# Aim of the exercise
Set down each entry exactly; omit images.

# Data excerpts

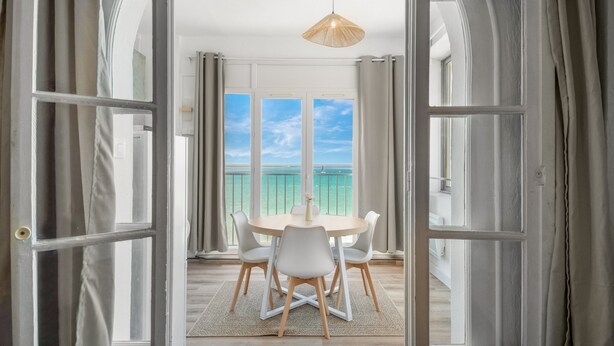 Eine offene Tür führt in einen Essbereich mit Tisch und Stühlen, einer Hängelampe und Meerblick durch große Fenster.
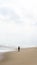 Silhouette of an girl with hijab walking alone at the Batu Burok Beach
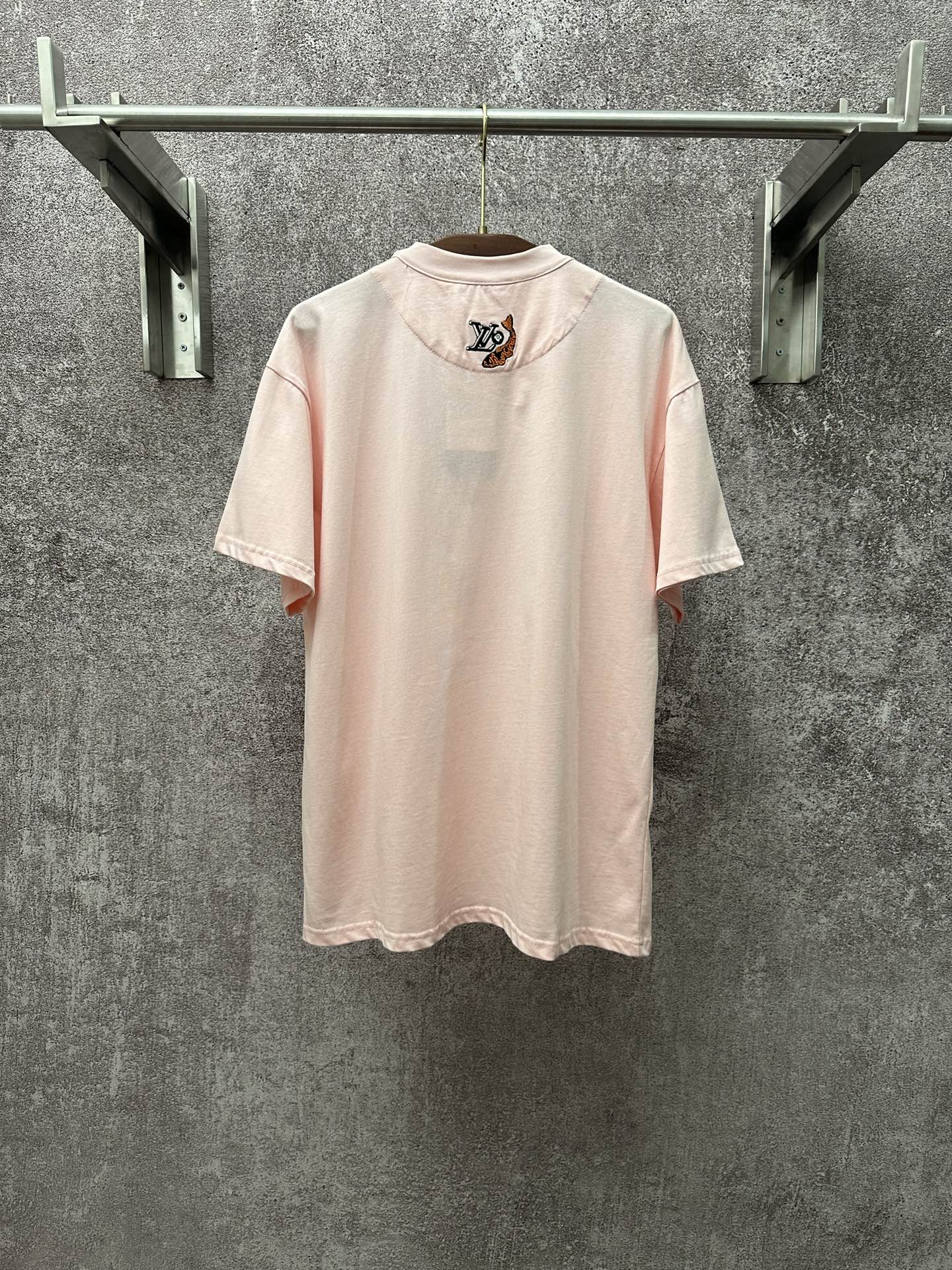 Louis Vuitton pale pink T-shirt with small LV emblem on back, crew neck, short sleeves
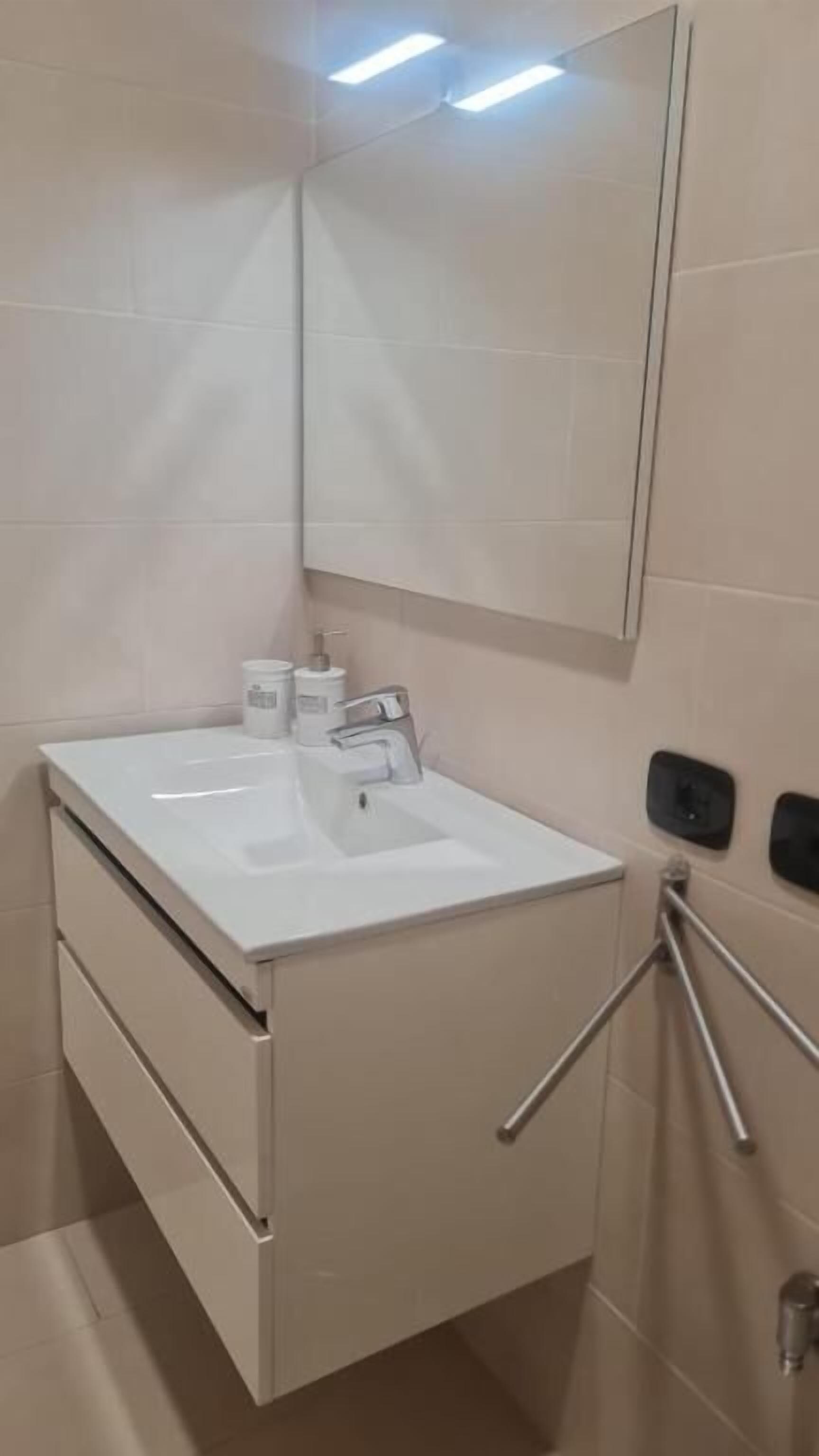 Een moderne badkamer met een wit wastafelmeubel, spiegel en opbergkast. Op het aanrecht staan twee handdrogers en een zeepdispenser.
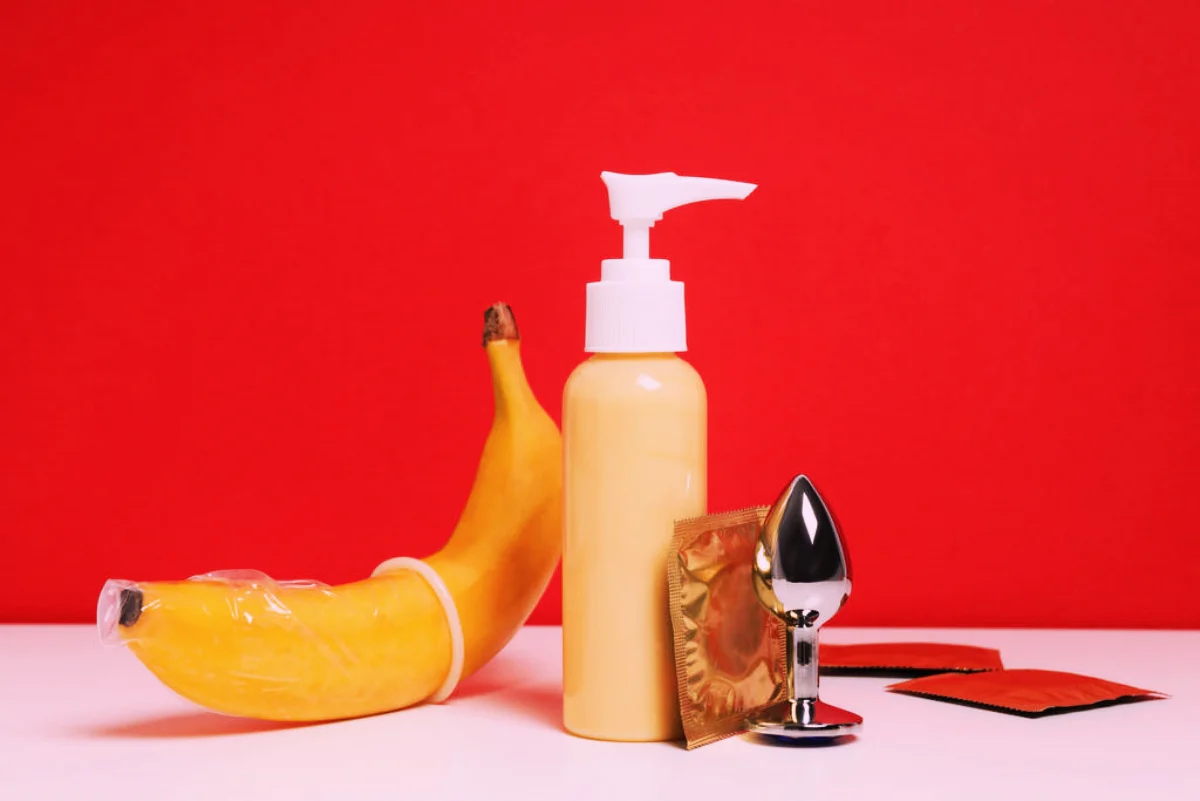 Lubricant, banana and condoms on a red background.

# Result for this task
 Eine offene Tür führt in einen Essbereich mit Tisch und Stühlen, einer Hängelampe und Meerblick durch große Fenster.
 Silhouette of an girl with hijab walking alone at the Batu Burok Beach
 Louis Vuitton pale pink T-shirt with small LV emblem on back, crew neck, short sleeves
 Een moderne badkamer met een wit wastafelmeubel, spiegel en opbergkast. Op het aanrecht staan twee handdrogers en een zeepdispenser.
 Lubricant, banana and condoms on a red background.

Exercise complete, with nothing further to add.